Department of Industrial and Management Systems Engineering, West Virginia University, 401 Evansdale Dr, Morgantown, WV, 26505, USA.
Department of Systems and Operations Management, California State University Northridge, 18111 Nordhoff St, Northridge, CA, 91330, USA.
Health Care Manag Sci. 2022 Sep;25(3):484-497. doi: 10.1007/s10729-022-09597-1. Epub 2022 Jun 23.
The availability of data in the healthcare domain provides great opportunities for the discovery of new or hidden patterns in medical data, which can eventually lead to improved clinical decision making. Predictive models play a crucial role in extracting this unknown information from data. However, medical data often contain missing values that can degrade the performance of predictive models. Autoencoder models have been widely used as non-linear functions for the imputation of missing data in fields such as computer vision, transportation, and finance.
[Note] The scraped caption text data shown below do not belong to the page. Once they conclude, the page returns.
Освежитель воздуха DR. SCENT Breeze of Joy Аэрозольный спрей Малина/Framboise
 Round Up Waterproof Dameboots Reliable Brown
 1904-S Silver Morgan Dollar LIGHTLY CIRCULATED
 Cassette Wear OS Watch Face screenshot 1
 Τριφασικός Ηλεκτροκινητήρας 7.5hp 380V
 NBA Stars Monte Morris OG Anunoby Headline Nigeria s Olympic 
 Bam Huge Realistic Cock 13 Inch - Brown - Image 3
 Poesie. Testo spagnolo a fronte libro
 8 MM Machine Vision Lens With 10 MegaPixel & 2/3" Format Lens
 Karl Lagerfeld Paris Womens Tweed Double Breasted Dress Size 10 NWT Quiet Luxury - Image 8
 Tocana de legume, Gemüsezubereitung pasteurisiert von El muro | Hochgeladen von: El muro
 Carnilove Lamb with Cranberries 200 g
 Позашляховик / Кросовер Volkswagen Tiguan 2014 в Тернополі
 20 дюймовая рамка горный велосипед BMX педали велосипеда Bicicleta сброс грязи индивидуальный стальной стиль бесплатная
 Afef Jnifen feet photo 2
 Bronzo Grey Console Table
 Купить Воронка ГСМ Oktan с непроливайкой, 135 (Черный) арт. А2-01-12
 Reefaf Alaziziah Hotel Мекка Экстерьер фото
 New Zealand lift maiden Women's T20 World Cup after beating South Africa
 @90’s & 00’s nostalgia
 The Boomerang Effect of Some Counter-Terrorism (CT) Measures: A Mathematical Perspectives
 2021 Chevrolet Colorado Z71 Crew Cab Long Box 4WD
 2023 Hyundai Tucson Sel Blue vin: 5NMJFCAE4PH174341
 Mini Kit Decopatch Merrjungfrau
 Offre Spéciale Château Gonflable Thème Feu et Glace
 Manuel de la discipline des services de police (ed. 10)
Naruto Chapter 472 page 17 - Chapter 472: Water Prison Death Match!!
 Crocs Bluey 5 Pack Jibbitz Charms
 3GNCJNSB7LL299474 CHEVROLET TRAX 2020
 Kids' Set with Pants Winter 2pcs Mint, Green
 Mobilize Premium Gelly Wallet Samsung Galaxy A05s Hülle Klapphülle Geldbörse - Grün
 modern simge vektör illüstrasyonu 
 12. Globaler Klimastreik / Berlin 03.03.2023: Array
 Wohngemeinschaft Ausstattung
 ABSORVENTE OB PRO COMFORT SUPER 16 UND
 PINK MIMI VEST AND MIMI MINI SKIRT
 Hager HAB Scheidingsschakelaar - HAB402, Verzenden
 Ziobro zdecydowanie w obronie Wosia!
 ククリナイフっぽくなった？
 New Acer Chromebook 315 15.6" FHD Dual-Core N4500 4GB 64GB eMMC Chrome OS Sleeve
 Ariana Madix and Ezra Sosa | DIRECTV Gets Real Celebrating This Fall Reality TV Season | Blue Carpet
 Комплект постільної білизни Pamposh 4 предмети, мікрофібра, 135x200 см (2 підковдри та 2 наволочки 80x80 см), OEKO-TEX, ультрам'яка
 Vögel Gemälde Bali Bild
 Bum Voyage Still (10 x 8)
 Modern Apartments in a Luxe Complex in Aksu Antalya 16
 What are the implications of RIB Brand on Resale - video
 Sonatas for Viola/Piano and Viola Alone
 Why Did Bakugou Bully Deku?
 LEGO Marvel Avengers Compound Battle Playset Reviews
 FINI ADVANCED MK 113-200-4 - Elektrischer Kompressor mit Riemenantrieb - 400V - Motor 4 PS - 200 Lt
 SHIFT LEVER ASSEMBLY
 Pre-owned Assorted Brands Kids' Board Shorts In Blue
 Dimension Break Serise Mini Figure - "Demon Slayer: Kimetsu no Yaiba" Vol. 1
In this study, we assess the shortcomings of autoencoder models for data imputation and propose modified models to improve imputation performance. To evaluate, we compare the performance of the proposed model with five well-known imputation techniques on six medical datasets and five classification methods. Through extensive experiments, we demonstrate that the proposed non-linear imputation model outperforms the other models for all degrees of missing ratios and leads to the highest disease classification accuracy for all datasets.
医疗领域数据的可用性为发现医学数据中的新或隐藏模式提供了巨大的机会,这最终可以导致改善临床决策。预测模型在从数据中提取这些未知信息方面起着至关重要的作用。然而,医疗数据通常包含缺失值,这会降低预测模型的性能。自动编码器模型已被广泛用作计算机视觉、交通和金融等领域缺失数据插补的非线性函数。在这项研究中,我们评估了自动编码器模型在数据插补方面的缺点,并提出了改进模型以提高插补性能。为了进行评估,我们将所提出的模型的性能与五种著名的插补技术在六个医疗数据集和五种分类方法上进行了比较。通过广泛的实验,我们证明所提出的非线性插补模型在所有缺失率下都优于其他模型,并为所有数据集带来了最高的疾病分类准确性。